Over the past half-century, Cleveland has become intimately accustomed to disappointment, but not even the locals could fathom a newly formed super team dropping a home game on Opening Night to a Knicks squad starting Quincy Acy and Shane Larkin. The Cavaliers spent three months working themselves into a lather for this day; the Knicks hobbled in after a 24-point home loss to the Bulls the night before. James tossed the powder in the air. The crowd sang along with Usher to the national anthem. A 25,000-square foot banner was unfurled at Ontario and Huron. East 4th was as jammed as Bourbon St. The whole scene felt like a set-up for the homecoming king to post a triple-double and the Cavs to roll by 30.
“It was fun,” James said, “while it lasted.”

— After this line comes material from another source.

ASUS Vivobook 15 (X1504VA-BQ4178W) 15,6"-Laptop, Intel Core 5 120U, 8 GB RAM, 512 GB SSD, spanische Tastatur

In sports, unlike advertising, there is no script, and the Knicks ruined a great party with a shocking 95-90 win. James did not play a good game or even an average one. He made 5 of 15 shots, committed eight turnovers, and only found easy baskets when he was cherry picking Kevin Love outlets. He threw a pass into the seats when Kyrie Irving cut inside. He fouled Carmelo Anthony taking a three. He scrapped with Jason Smith of all people. Selecting a James highlight is hard, besides the lay-up he sank over Anthony, while being dragging down by the jersey.

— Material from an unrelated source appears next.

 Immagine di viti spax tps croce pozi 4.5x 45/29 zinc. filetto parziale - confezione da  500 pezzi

“Play the game, not the occasion,” cautioned David Blatt, Cleveland’s rookie coach. But, at morning shoot-around, James called the game “probably one of the biggest sporting events that’s up there ever.” He built it into something even more significant than it was. James attributed his struggles to the Cavaliers search for chemistry, a reasonable explanation, considering how quickly this roster was slapped together. In the first half, the Cavs moved the ball well, though at times they over-passed. In the second half, the offense stalled, as stars went one-on-one. The Cavs should score as easily as any team in the NBA, but occasionally they recalled the 2010-11 Heat, albeit without the frenetic defense.

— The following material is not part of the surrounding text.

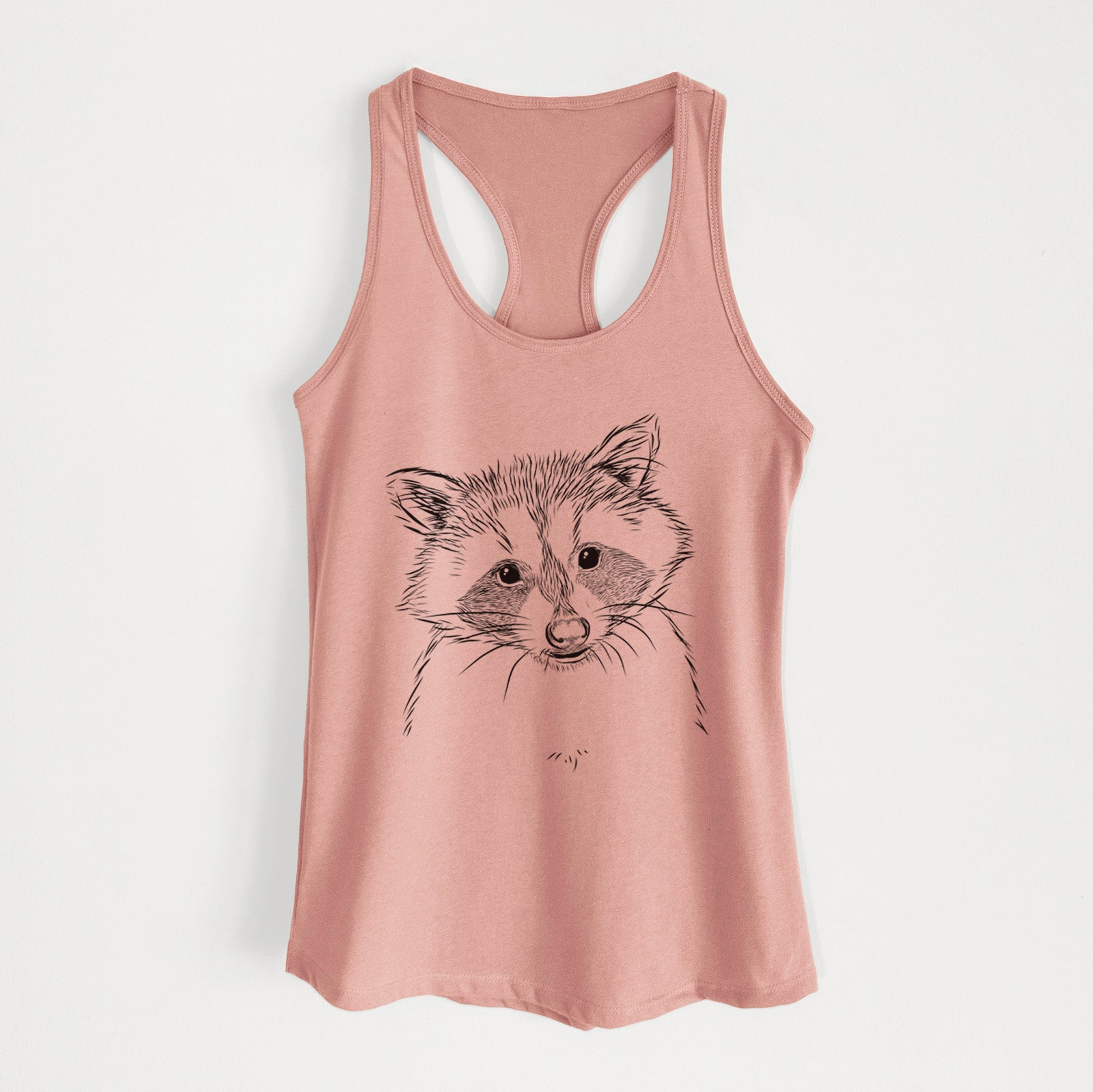 Hand-drawn sketch of Randy the Raccoon on a Desert Pink Women's racerback tanktop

“I think we spiked at a certain point,” Blatt said. “We’ve been excited about this game for a long time. We used that emotion in a positive way and then … we kind of dropped off the map.”
Blatt acknowledged that Cleveland must do a better job putting James in motion, which could mean more pick-and-rolls, particularly potent when run with Love. The Cavaliers don’t have time to regroup. They now embark on a challenging four-game road trip, with a date Friday in Chicago, followed by a test Tuesday in Portland. Perhaps they will find a bit of normalcy on the road, without Justin Bieber roaming the corridor outside their locker room, singing quietly to himself.
“It’s crazy,” said Cavs forward Tristan Thompson. “And it’s just beginning.”
If Cleveland takes a few weeks to find its groove, James will surely point back to those 2010-11 Heat, who proved a 9-8 start does not portend doom. Standing at his corner locker late Thursday night, he appeared unexpectedly upbeat, reviewing bad passes and missed shots with a self-deprecating smile. “I didn’t press,” he said. “I didn’t do much.”
The coronation did not go at all as planned, and in a way, that was appropriate. James traditionally does his best work in the crosshairs, when he is being doubted, not exalted. That’s part of the reason he appealed to this region in the first place. “Hard times are what we do,” said Cleveland mayor Frank Jackson, watching the game from a suite. “Challenges are part of life. It’s how you deal with it. He deals with it every time. That’s why he’s the best.”
The homecoming game will forever be part of the James oeuvre, another event that produced another storyline, significant until in a few hours the next one comes along.